This was released as the lead single from Revolution Radio, a collection of tracks about the chaotic state of America in 2016. It was the first song to get the ball rolling. Frontman Billie Joe Armstrong told Rolling Stone that he first demoed the tune in 2014: "I moved into a new studio that I built in Oakland and I just started messing around with different riffs," he recalled. "The first song where I was like, 'OK, I'm onto something,' was 'Bang Bang.' And then the first track of the record, 'Somewhere Now.' I started doing demos and I showed them to Mike and Tre. That's the test. And they absolutely loved it."
The song is written from the perspective of a potential mass shooter. Armstrong explained: "It's about the culture of mass shooting that happens in America mixed with narcissistic social media. There's this sort of rage happening, but it's also now being filmed and we all have ourselves under surveillance. To me, that is so twisted. To get into the brain of someone like that was freaky. It freaked me out. After I wrote it, all I wanted to do was get that out of my brain because it just freaked me out."
Rather than trying to get into the mass shooter's head and understand his crazy rationale, Armstrong was just trying to figure out his character. He said: "I don't know why someone would ever do something that horrific because I know I never would. It's just sort of meant to also reflect the culture a little bit without sounding pretentious."
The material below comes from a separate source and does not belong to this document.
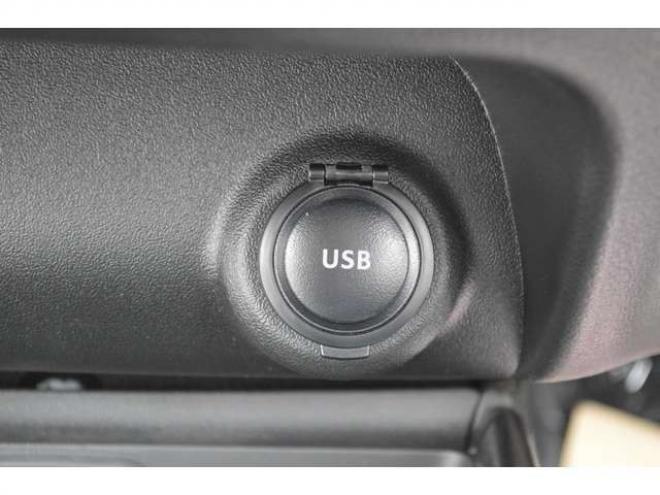 フロンクス1.5 4WD　ハイブリット4WDセーフティサポート搭載4WDスズキコネクト対応通信機装着車アダプティブクルーズコントロール全方位モニター付き9インチナビTVバックカメラハイビームアシストLEDライト 登録済未使用車 1500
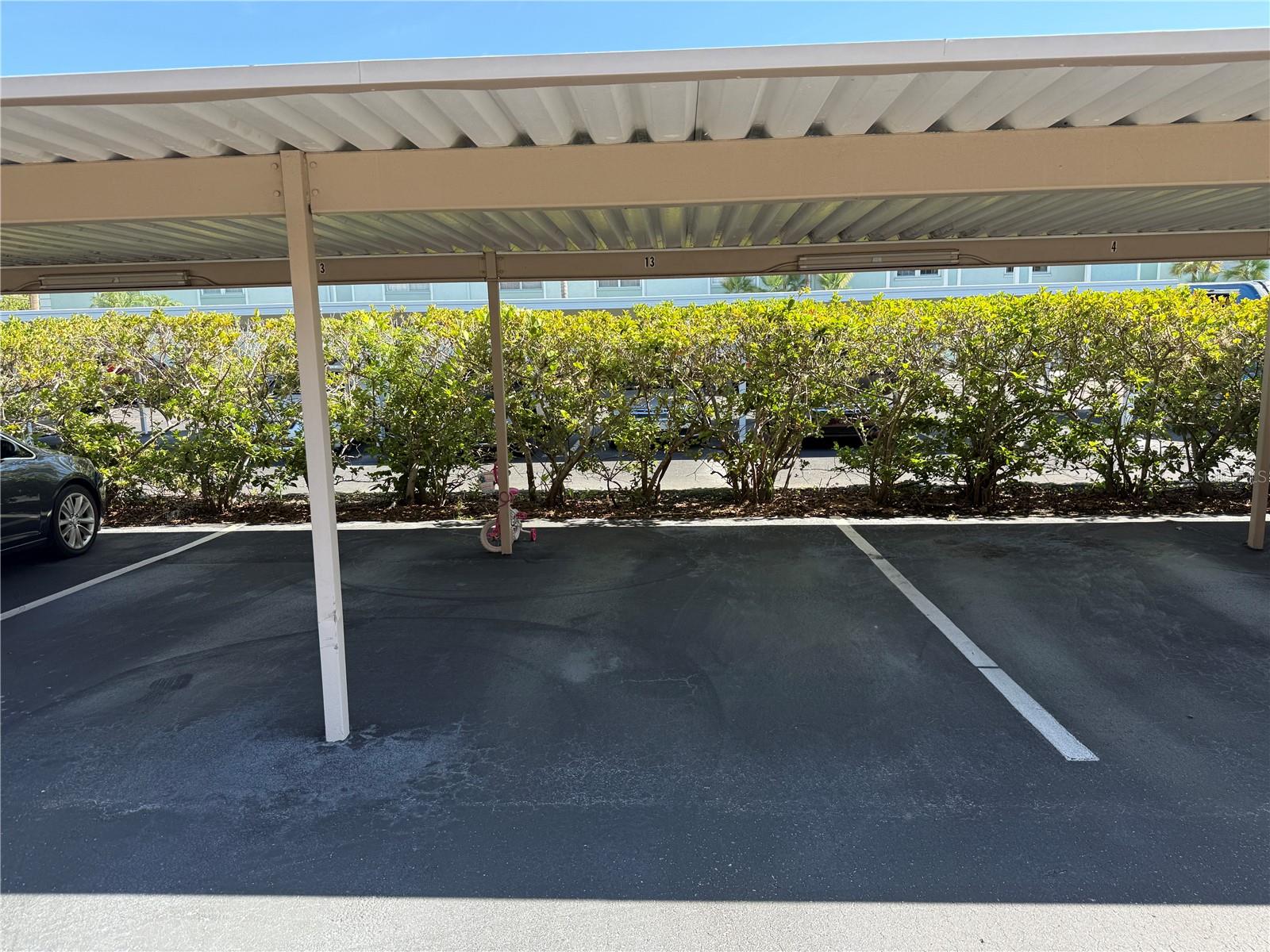 Image 23 of 26 For 1750 Belleair Forest Drive A13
Armstrong told Q magazine that he was surprised at how aggressive the song sounded. He said: "'Bang Bang' is the most aggressive single we've ever had. I didn't plan on it being that way. I don't want to be the old guy saying 'We're going to show these young whippersnappers how it's done.' It was just 'F--k, this sounds really good.'"
Discussing the song with Q magazine, Billy Joe Armstrong said: "There are so many mass shootings we're desensitized. There was a kid in Santa Barbara, who went on a killing spree, a couple of years ago, and he did these blogs like a manifesto, beforehand. He was suffering from his own insecurity and mental illness. The song's written in the first person, where I tried to put myself in his place."
Green Day played this song at the 2016 American Music Awards. They took a shot at President-elect Donald Trump during the performance, chanting, "No Trump, no KKK, no fascist USA."